BEGIN PROVIDED ENTRIES
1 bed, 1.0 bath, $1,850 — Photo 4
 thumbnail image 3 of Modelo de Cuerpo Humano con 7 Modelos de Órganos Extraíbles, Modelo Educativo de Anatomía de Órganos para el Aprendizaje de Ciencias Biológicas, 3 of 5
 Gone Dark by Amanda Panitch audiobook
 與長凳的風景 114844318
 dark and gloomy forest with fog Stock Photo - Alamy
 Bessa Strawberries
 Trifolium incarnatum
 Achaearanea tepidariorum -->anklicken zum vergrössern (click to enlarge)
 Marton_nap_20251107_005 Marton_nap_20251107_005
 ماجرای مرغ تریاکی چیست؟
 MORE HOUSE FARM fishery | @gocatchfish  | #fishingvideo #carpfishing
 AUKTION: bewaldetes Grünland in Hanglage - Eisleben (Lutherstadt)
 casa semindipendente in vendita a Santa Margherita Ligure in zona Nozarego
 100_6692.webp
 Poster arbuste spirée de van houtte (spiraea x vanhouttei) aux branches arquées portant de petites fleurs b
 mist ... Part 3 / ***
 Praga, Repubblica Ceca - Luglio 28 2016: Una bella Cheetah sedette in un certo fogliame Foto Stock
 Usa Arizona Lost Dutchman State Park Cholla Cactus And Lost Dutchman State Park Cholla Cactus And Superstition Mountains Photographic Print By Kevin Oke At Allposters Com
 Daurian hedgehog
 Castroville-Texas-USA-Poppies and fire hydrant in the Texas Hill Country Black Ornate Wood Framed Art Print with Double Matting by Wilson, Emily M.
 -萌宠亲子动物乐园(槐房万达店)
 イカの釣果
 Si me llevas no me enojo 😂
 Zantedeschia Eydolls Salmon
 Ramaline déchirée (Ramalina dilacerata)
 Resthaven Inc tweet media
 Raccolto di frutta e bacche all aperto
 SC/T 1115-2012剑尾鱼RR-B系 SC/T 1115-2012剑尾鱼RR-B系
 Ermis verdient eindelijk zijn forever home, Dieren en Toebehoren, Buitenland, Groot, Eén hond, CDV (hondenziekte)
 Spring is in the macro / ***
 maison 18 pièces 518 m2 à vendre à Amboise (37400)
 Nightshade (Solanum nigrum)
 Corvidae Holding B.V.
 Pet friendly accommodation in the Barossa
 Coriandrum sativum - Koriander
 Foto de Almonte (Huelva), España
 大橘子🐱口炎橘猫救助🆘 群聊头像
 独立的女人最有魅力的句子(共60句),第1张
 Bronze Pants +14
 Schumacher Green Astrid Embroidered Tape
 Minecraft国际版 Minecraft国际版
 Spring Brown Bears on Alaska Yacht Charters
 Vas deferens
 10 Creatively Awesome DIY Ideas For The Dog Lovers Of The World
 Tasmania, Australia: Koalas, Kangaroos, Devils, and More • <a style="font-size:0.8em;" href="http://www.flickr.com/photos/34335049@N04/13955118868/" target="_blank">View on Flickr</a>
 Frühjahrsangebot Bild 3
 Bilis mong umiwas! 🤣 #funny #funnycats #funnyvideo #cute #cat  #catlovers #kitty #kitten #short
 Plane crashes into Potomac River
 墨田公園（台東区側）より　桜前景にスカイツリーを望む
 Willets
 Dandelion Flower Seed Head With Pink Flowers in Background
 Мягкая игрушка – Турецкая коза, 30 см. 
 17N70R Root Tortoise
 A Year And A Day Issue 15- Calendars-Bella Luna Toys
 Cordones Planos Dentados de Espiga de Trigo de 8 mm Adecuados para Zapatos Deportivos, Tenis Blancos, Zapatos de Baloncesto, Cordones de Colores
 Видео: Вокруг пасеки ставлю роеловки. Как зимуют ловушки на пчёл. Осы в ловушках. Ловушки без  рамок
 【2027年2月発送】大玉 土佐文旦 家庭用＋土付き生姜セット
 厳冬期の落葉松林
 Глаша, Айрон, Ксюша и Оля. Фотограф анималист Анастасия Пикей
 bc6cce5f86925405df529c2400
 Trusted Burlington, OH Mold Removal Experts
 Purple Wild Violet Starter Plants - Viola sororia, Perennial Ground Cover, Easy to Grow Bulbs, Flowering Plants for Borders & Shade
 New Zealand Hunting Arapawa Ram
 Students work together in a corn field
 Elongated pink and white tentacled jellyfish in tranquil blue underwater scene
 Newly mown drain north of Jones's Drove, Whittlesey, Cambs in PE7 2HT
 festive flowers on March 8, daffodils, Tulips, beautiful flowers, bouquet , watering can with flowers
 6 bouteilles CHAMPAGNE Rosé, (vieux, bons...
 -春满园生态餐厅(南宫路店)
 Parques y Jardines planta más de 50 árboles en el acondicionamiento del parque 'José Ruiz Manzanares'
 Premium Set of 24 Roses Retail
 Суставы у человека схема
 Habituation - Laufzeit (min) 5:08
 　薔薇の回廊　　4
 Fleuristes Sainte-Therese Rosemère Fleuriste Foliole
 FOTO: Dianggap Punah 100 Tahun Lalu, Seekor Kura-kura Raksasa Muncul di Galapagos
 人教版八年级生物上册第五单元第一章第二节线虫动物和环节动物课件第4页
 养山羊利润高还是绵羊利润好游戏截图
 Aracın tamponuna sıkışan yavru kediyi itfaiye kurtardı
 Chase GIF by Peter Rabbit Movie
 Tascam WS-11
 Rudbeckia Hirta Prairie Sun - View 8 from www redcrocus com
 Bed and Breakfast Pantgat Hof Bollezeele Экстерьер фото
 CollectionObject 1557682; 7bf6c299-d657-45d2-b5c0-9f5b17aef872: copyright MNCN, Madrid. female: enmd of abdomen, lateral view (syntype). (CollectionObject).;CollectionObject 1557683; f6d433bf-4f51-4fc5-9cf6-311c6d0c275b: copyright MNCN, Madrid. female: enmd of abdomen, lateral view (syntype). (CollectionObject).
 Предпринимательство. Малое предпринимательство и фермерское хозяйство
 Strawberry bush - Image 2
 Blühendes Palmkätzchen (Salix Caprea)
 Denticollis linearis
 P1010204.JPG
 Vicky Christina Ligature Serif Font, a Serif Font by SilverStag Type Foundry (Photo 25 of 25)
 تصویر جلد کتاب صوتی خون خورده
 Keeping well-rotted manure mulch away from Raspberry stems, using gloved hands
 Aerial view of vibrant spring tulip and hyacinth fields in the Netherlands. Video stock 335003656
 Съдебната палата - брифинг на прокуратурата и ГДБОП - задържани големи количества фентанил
END PROVIDED ENTRIES
_TASK GOAL_
Set down only these lines, exactly: the one containing "Aerial view of" and each line after it through the end of the entries above.

_ANSWER SECTION_
 Aerial view of vibrant spring tulip and hyacinth fields in the Netherlands. Video stock 335003656
 Съдебната палата - брифинг на прокуратурата и ГДБОП - задържани големи количества фентанил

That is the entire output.